让我们列出Spark之前保存的文件。请记住，这些文件先前已从本地文件加载到pandas DataFrame中，然后加载到Spark DataFrame中。Spark默认使用分区为大量snappy压缩文件的文件。在HDFS路径中，您可以标识数据库名称（analytics）和表名称（pandas_spark_hive）：

hdfs_interface.ls('/user/cloudera/analytics/pandas_spark_hive/')
['/user/cloudera/analytics/pandas_spark_hive/_SUCCESS',
 '/user/cloudera/analytics/pandas_spark_hive/part-00000-b4371c8e-0f5c-4d20-a136-a65e56e97f16-c000.snappy.parquet',
 '/user/cloudera/analytics/pandas_spark_hive/part-00001-b4371c8e-0f5c-4d20-a136-a65e56e97f16-c000.snappy.parquet',
 '/user/cloudera/analytics/pandas_spark_hive/part-00002-b4371c8e-0f5c-4d20-a136-a65e56e97f16-c000.snappy.parquet',
 '/user/cloudera/analytics/pandas_spark_hive/part-00003-b4371c8e-0f5c-4d20-a136-a65e56e97f16-c000.snappy.parquet',
 '/user/cloudera/analytics/pandas_spark_hive/part-00004-b4371c8e-0f5c-4d20-a136-a65e56e97f16-c000.snappy.parquet',
 '/user/cloudera/analytics/pandas_spark_hive/part-00005-b4371c8e-0f5c-4d20-a136-a65e56e97f16-c000.snappy.parquet',
 '/user/cloudera/analytics/pandas_spark_hive/part-00006-b4371c8e-0f5c-4d20-a136-a65e56e97f16-c000.snappy.parquet',
 '/user/cloudera/analytics/pandas_spark_hive/part-00007-b4371c8e-0f5

Reading parquet files directly from HDFS

要直接从HDFS读取representing文件（或充满表示文件的文件的文件夹），我将使用之前创建的PyArrow HDFS界面：

table = hdfs_interface.read_parquet('/user/cloudera/analytics/pandas_spark_hive/')

HDFS -> pandas

一旦parquetPyArrow HDFS接口读取文件，就会创建一个Table对象。
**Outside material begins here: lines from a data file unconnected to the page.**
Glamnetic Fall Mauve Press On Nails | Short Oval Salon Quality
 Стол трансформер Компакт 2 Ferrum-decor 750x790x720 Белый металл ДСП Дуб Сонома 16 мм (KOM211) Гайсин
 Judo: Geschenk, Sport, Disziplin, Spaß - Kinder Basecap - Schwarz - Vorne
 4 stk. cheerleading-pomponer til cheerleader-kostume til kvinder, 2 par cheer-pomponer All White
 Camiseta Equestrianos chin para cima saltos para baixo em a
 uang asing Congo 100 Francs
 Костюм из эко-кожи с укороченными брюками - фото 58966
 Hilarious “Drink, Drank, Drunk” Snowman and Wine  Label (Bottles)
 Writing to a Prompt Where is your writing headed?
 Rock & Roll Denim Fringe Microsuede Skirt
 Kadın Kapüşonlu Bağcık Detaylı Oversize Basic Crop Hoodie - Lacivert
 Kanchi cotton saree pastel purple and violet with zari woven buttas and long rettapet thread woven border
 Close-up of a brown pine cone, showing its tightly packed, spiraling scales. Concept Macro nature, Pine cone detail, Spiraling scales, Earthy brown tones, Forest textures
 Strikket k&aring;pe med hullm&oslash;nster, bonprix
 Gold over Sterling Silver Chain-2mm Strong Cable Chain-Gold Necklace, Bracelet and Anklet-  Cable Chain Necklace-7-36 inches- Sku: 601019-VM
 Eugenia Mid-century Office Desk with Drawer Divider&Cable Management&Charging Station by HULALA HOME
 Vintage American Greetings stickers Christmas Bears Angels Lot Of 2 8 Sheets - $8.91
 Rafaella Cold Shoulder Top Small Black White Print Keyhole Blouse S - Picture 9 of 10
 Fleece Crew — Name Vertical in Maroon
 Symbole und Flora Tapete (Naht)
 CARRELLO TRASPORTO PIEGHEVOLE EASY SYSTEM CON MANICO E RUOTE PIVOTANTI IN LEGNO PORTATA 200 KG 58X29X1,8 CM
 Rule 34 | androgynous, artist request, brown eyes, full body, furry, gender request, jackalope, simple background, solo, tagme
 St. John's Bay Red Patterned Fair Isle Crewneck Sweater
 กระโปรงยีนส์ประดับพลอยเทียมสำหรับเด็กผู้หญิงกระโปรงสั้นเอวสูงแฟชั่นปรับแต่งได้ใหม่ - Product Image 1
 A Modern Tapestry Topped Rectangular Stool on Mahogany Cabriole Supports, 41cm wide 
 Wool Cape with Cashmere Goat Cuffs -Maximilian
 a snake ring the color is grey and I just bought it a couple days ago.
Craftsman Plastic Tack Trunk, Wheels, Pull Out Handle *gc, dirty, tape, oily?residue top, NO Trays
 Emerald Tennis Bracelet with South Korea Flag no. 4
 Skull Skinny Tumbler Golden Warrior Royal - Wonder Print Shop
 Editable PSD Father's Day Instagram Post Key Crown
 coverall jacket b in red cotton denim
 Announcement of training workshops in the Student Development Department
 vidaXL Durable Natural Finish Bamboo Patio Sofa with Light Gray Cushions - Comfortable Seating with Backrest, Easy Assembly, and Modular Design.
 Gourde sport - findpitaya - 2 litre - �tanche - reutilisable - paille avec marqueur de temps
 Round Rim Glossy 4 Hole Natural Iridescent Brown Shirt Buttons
我们可以通过方法轻松回到pandas 使用 to_pandas：

table_df = table.to_pandas()
table_df.head()
/home/cloudera/miniconda3/envs/jupyter/lib/python3.6/site-packages/pyarrow/pandas_compat.py:752: FutureWarning: .labels was deprecated in version 0.24.0. Use .codes instead.
  labels, = index.labels

	date_parsed	date	BEN	CH4	CO	EBE	NMHC	NO	NO_2	NOx	O_3	PM10	PM25	SO_2	TCH	TOL
0	2001-06-30 23:00:00	2001-07-01 01:00:00	30.65	NaN	6.91	42.639999	NaN	NaN	381.299988	1017.000000	9.010000	158.899994	NaN	47.509998	NaN	76.050003
1	2001-07-01 00:00:00	2001-07-01 02:00:00	29.59	NaN	2.59	50.360001	NaN	NaN	209.500000	409.200012	23.820000	104.800003	NaN	20.950001	NaN	84.900002
2	2001-07-01 01:00:00	2001-07-01 03:00:00	4.69	NaN	0.76	25.570000	NaN	NaN	116.400002	143.399994	31.059999	48.470001	NaN	11.270000	NaN	20.980000
3	2001-07-01 02:00:00	2001-07-01 04:00:00	4.46	NaN	0.74	22.629999	NaN	NaN	116.199997	149.300003	23.780001	47.500000	NaN	10.100000	NaN	14.770000
4	2001-07-01 03:00:00	2001-07-01 05:00:00	2.18	NaN	0.57	11.920000	NaN	NaN	100.900002	124.800003	29.530001	49.689999	NaN	7.680000	NaN	8.970000

这就是我们开始的基础，关闭循环Python - > Hadoop - > Python。

上传本地文件到HDFS

使用PyArrow HDFS接口支持所有类型的HDFS操作，例如，将一堆本地文件上传到HDFS：

cwd = Path('./data/')
destination_path = '/user/cloudera/analytics/data/'

for f in cwd.rglob('*.*'):
    print(f'uploading {f.name}')
    with open(str(f), 'rb') as f_upl:
        hdfs_interface.upload(destination_path + f.name, f_upl)
uploading sandp500.zip
uploading stations.csv
uploading madrid.h5
uploading diamonds_train.csv
uploading diamonds_test.csv

让我们检查文件是否已正确上传，列出目标路径中的文件：

hdfs_interface.ls(destination_path)
['/user/cloudera/analytics/data/diamonds_test.csv',
 '/user/cloudera/analytics/data/diamonds_train.csv',
 '/user/cloudera/analytics/data/madrid.h5',
 '/user/cloudera/analytics/data/sandp500.zip',
 '/user/cloudera/analytics/data/stations.csv']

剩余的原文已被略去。